Book review: The Monster Book of Switzerland

The very first book review on my blog. But as a regular reader of my blog, you know well that I am trying to get to know Switzerland in all aspects. Not only its beautiful nature but also its language and culture. I think (and I hope you agree with me) that stories and legends also belong to the cultural wealth of the country, and it is something we should also get to know. Whether it’s because kids will be learning about it at school. That is why The Monster Book of Switzerland should find its place on your bookshelf.


Switzerland is a monstrous place! Will the terrifying Tatzelwurm eat your pigs and dogs? Can fearless Hannah defeat the dismembered ghost that guards the Aargau treasure? And will Basel’s kids be turned to stone?
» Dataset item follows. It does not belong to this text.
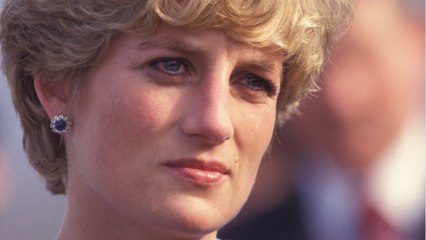 GALA VIDÉO - Lady Diana : divorcée, elle fracassait avec un marteau les affaires du prince Charles pour calmer sa colère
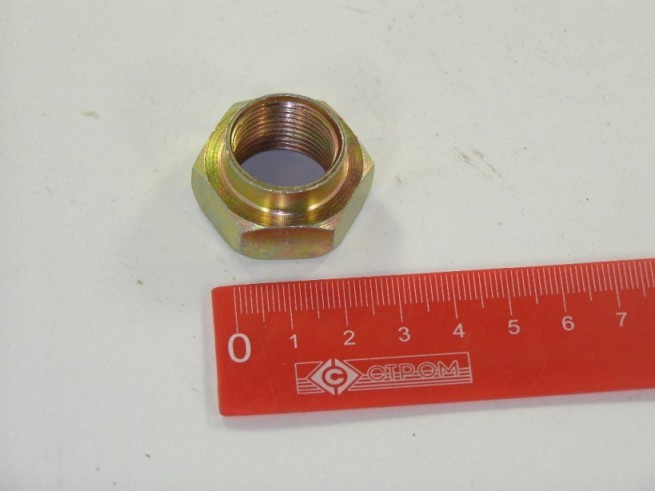 Гайка М-2141 ступицы передней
In eight stories and 36 fact-filled pages, Switzerland’s monsters come to life, accompanying readers on a tour of topics that range from how to dig a tunnel through the mountains to what makes Swiss chocolate unique.

Title: The Monster Book of Switzerland
Authors: Jeanne Darling & Michael Meister
Publisher: Bergli Books
First Issue: 2018
Number of pages: 72


The first thing, that has captured my attention, was how big The Monster Book of Switzerland is! Not only in terms of content, but also in terms of format. Judge yourself: The book is sized 27cm x 37cm. The book is intended for children from 4 years of age, so maybe the smaller ones will need their parents to help them to hold the book. Older children can handle it themselves 🙂

As the annotation revealed, the book contains 8 legends from different regions of Switzerland. Right on the start page, the little readers will be introduced to eighteen Swiss monsters. Some will certainly not be unknown to them. Such as for example Schmutzli, who traditionally accompanies the local Samichlous (St.Nicholas) at the beginning of December. Or those from Zurich will certainly know the Böögg, who resembles a snowman and symbolizes the winter. The burning of the Böögg serves to drive out the winter and herald the spring.

What I like about the book,  that the text of the legends is not unbroken. The paragraphs are in the bubbles that follow and the text is so broken. The language is not complicated – who has ever read some myths, legends, and fairy tales can easily figure out the meaning. . The illustrations of Michael Meister, which will surely interest children, then dramatically illustrate individual stories.

In the book, legends alternate with fact-filled pages – there are even more of these chapters than legends. They contain a very wide range of information about Switzerland: about the local climate, mountains, inventions, traditional Swiss sports, festivities, or how cheese and chocolate are made.

I must admit, however, that I was a little surprised when I read on the last page of the book that although the book is based entirely on Swiss legends, in particular, some of the traditional heroes have become heroines. I can not say what stories it’s about, but I wonder if gender balance is so necessary in this case …

The book is available in 3 languages (English, German, French) and you can buy it on the Bergli Books website (with free shipping to Swiss addresses). Since 1988, Bergli Books publishes books on Switzerland that help bridge intercultural differences.

Thank Bergli books for sending me an issue of The Monster Book of Switzerland. I would really recommend the book to those who have children and want to learn something new and interesting about the country that has become their new home.